Commenting on the contract awards, Jackie Marshall-Cyrus, the Technology Strategy Board’s Lead Specialist for Assisted Living, said: “Much of the current service provision around nutrition encourages older adults to rely on others.
Rather than seeking to maintain their own skills and independence, it takes away the opportunity they have to continue to do what they can for themselves, or to address their changing nutritional needs and tastes. These three exciting service development projects will offer a way to reverse this, through providing good nutrition and good nutritional advice, enabling older adults to continue to interact with food in the way they wish to, and enhance social interaction.”

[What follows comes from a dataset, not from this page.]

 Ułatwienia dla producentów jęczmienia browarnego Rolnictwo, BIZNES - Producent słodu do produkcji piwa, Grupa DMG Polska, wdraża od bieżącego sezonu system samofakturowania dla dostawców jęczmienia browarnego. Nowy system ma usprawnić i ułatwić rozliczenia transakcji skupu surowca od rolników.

Mat Hunter, Design Council’s Chief Design Officer added: “These next-generation services will help us maintain our quality of life as we age. All three teams show how understanding real, human needs inspires better solutions and we believe that this design-led approach will encourage the wider economy to embrace this emerging business opportunity. We look forward to seeing these compelling concepts brought to life and to market.”
The ‘Independence Matters – Home and Away’ funding competition was launched in February 2011 and followed extensive research by the Design Council to identify key areas in which innovations could make the most difference in helping older people to live independently. Nutrition and independent living are strongly linked and the ability to continue to prepare and eat food into older age as you always have done is a fundamental part of maintaining your sense of identity, quality of life and independence. Access to good nutrition not only ensures healthy living (warding off both obesity and malnutrition) but also, as eating is an inherently social activity, it helps to maintain emotional and mental well-being.